- _Data to use_:
----
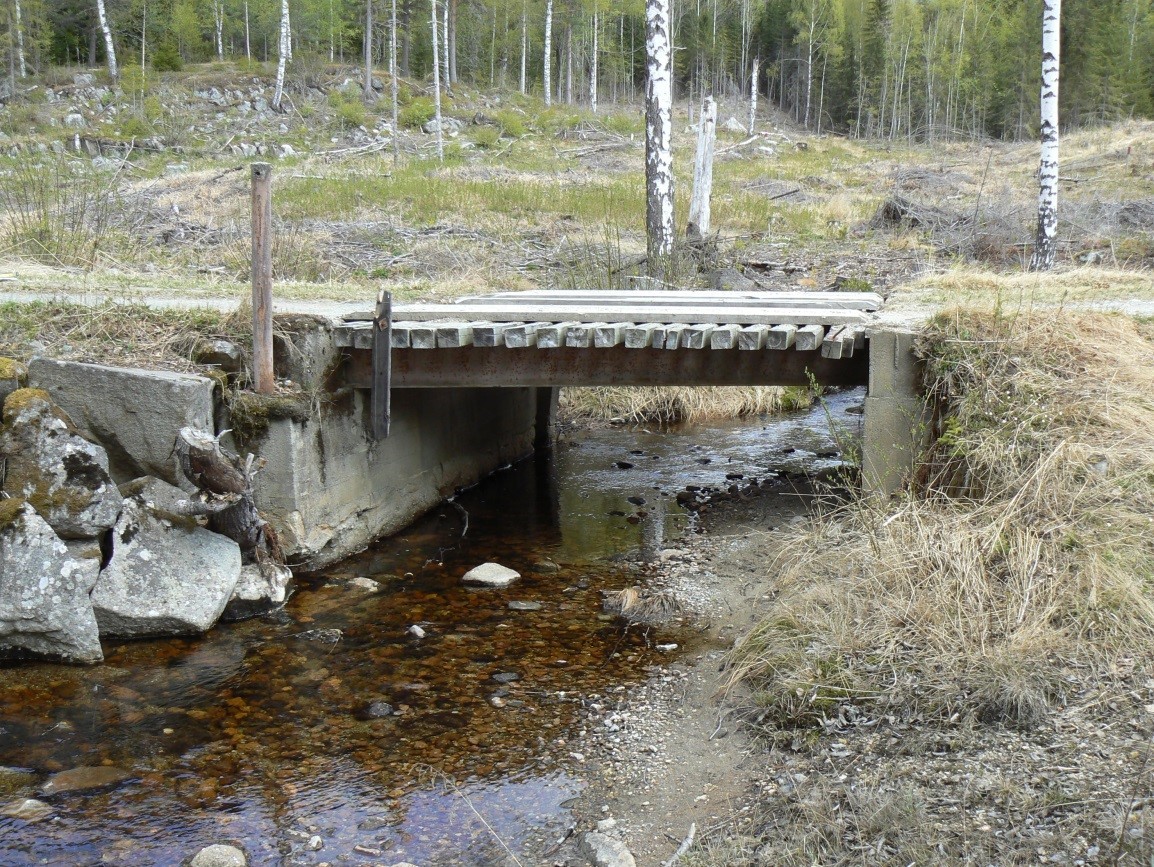 Dette er typisk eldre bro på skogsbilvei, som kan være moden for utskifting.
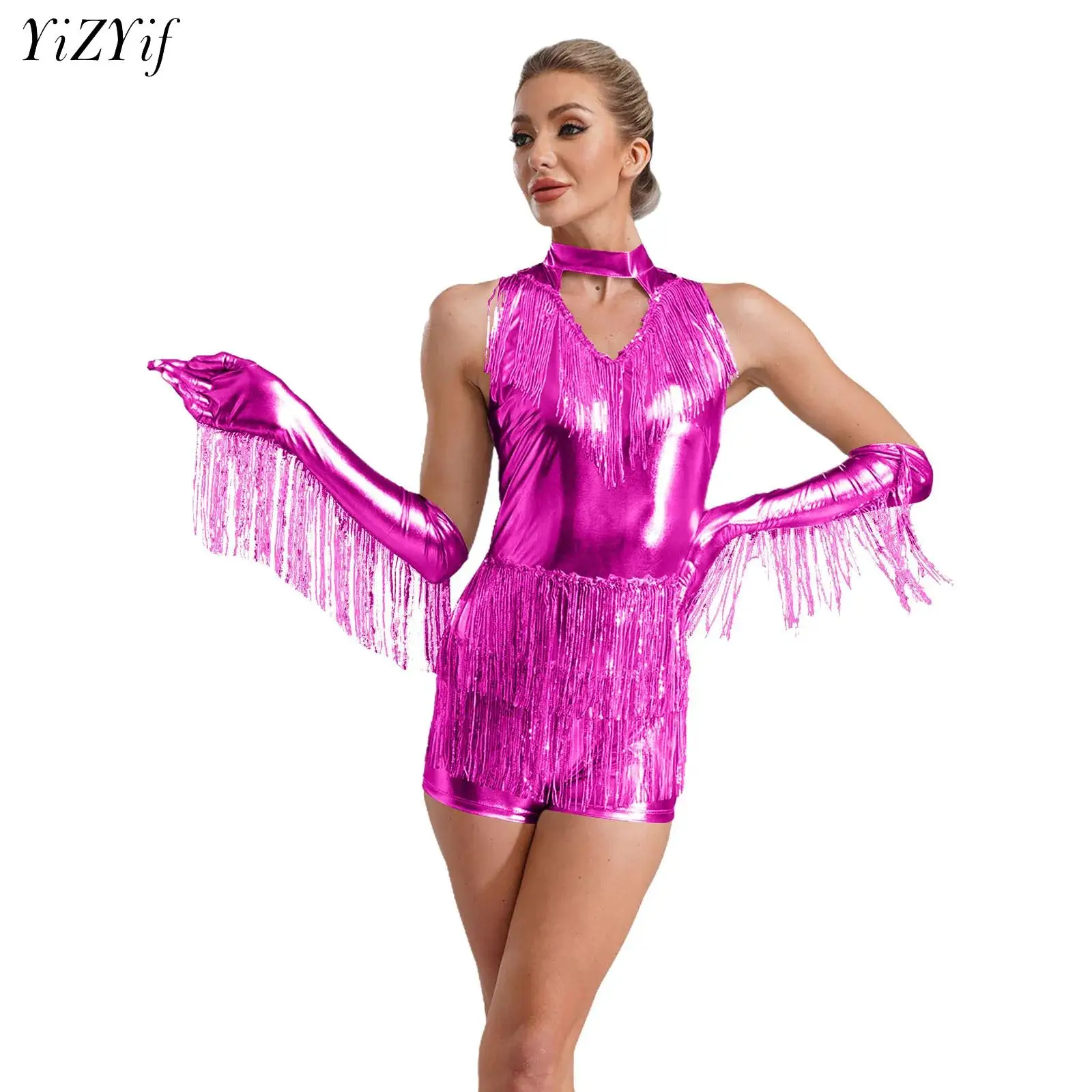 Womens Fringed Dance Unitard Sparkle Sequin Tassel Bodysuit for Figure Skating Tango Samba Latin Jazz Halloween Party Clubwear
Womens Fringed Dance Unitard Sparkle Sequin Tassel Bodysuit for Figure Skating Tango Samba Latin Jazz Halloween Party Clubwear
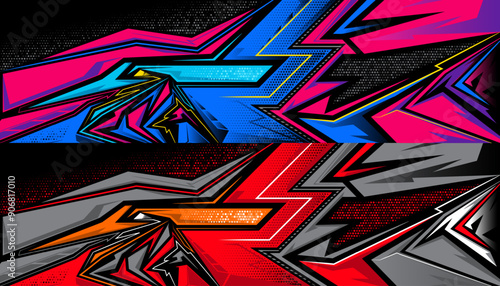 Racing cars decals vibrant abstract design, dynamic colorful graphic vinyl wraps. Stripe sticker for cars, bikes, skateboard
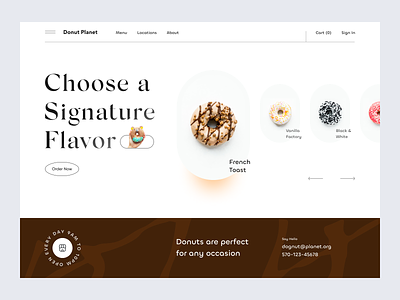 Donuts shop website app clean design ecommerce interface landing screen minimal simple ui website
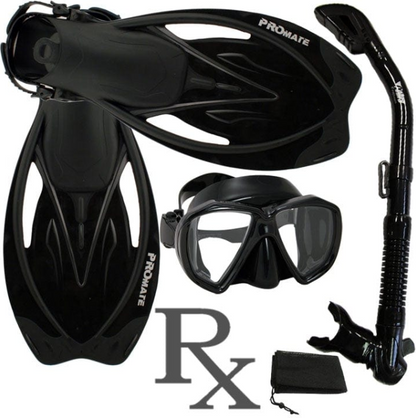 Promate Fish Eyes Prescription Mask Dry Snorkel Fins Gear Set - SCS0042 RX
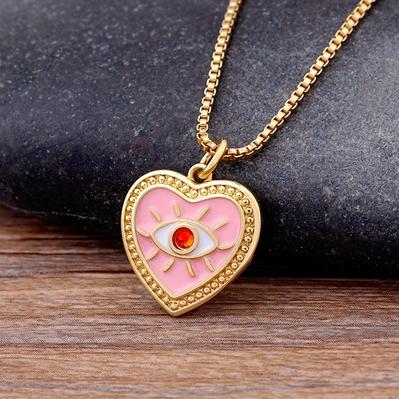 

Nidin New Fashion Cubic Zircon Heart Necklace Pink/Green Color Women Evil Eye Pendant Choker Wedding Party Gifts Trendy Jewelry розовый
----
- _What you will do_:
Print exactly the span of lines that begins with the line containing "Promate Fish Eyes" and ends with the last line of the listing, with no pictures.

- _Result of the exercise_:
 Promate Fish Eyes Prescription Mask Dry Snorkel Fins Gear Set - SCS0042 RX

Nidin New Fashion Cubic Zircon Heart Necklace Pink/Green Color Women Evil Eye Pendant Choker Wedding Party Gifts Trendy Jewelry розовый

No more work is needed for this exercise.